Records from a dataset
____________________

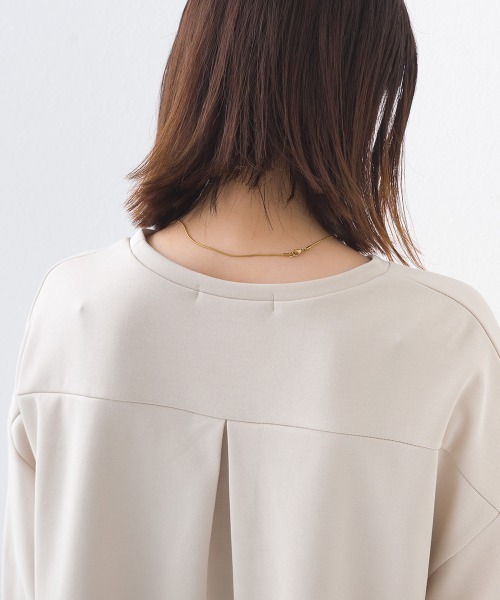 OMNES(オムネス)の「ダンボールニットボリューム袖ドロップショルダープルオーバー長袖(Tシャツ/カットソー・レディース・ブラック/グレイッシュベージュ・FREE)」の14枚目の写真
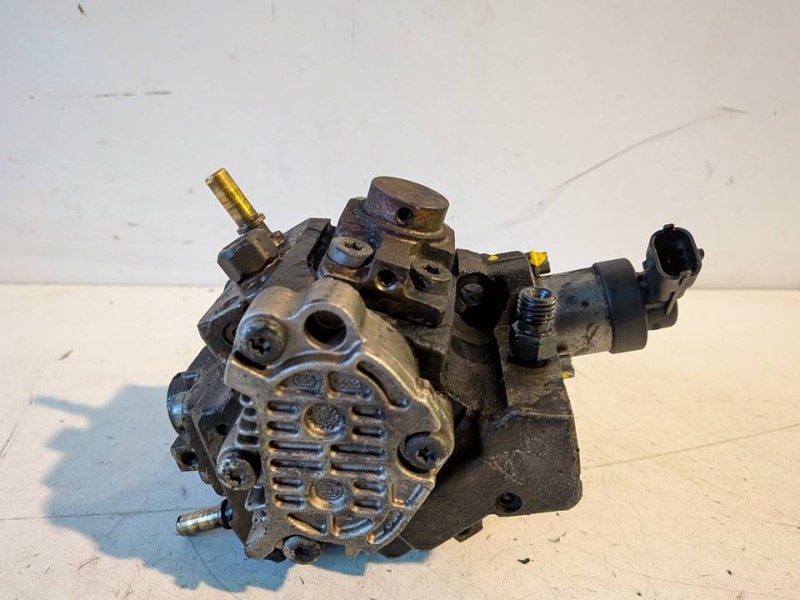 Recambio de bomba inyeccion para nissan x-trail (t31) m9r832 referencia OEM IAM 0445010223  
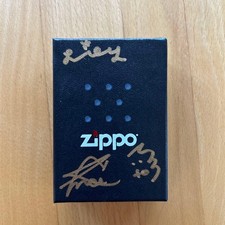 Briquet Zippo dédicacé aux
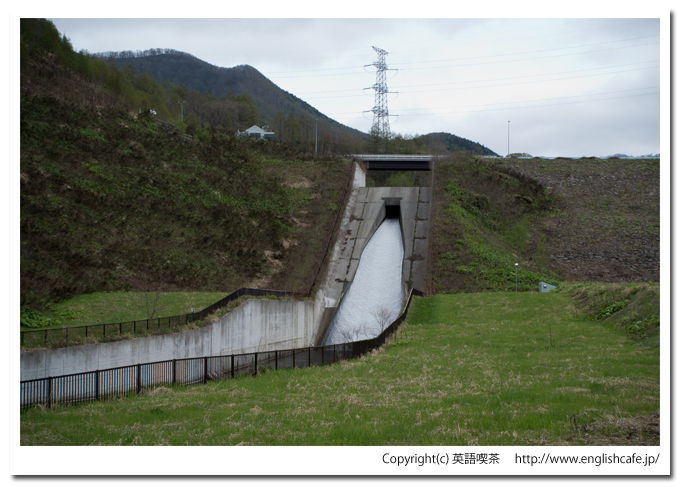 春の濁川ダム堤体前洪水溝（北海道森町）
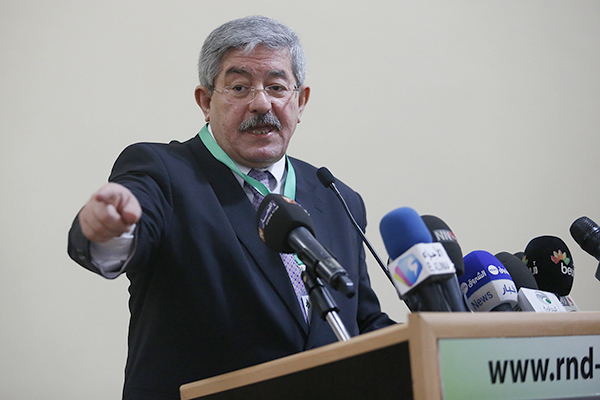 Ouyahia accuse le FLN et épingle Nezzar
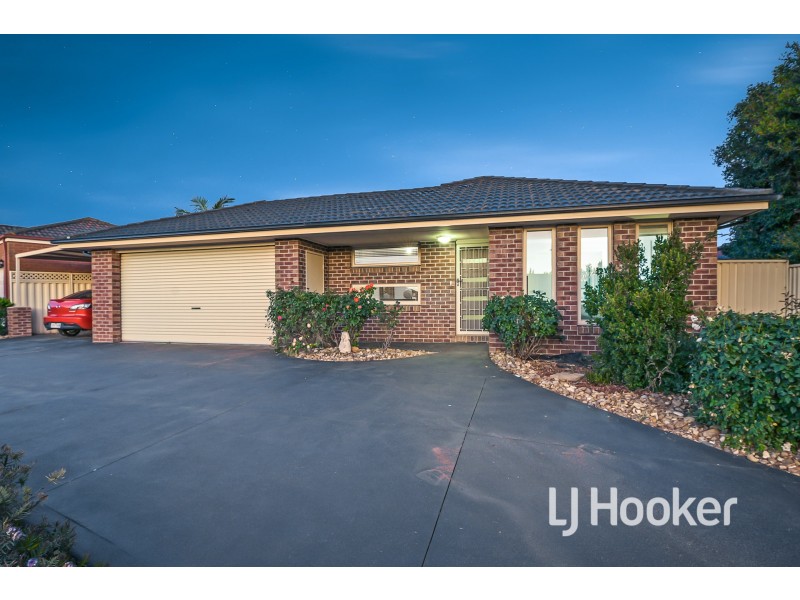 6 Teal Place, Pakenham VIC 3810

____________________

- **What is being asked**:
Starting with the line that contains "Ouyahia accuse le FLN et épingle Nezzar", repeat each line exactly through the last line of the data above, and nothing more; the pictures stay out.

- **Answer to this exercise**:
 Ouyahia accuse le FLN et épingle Nezzar
 6 Teal Place, Pakenham VIC 3810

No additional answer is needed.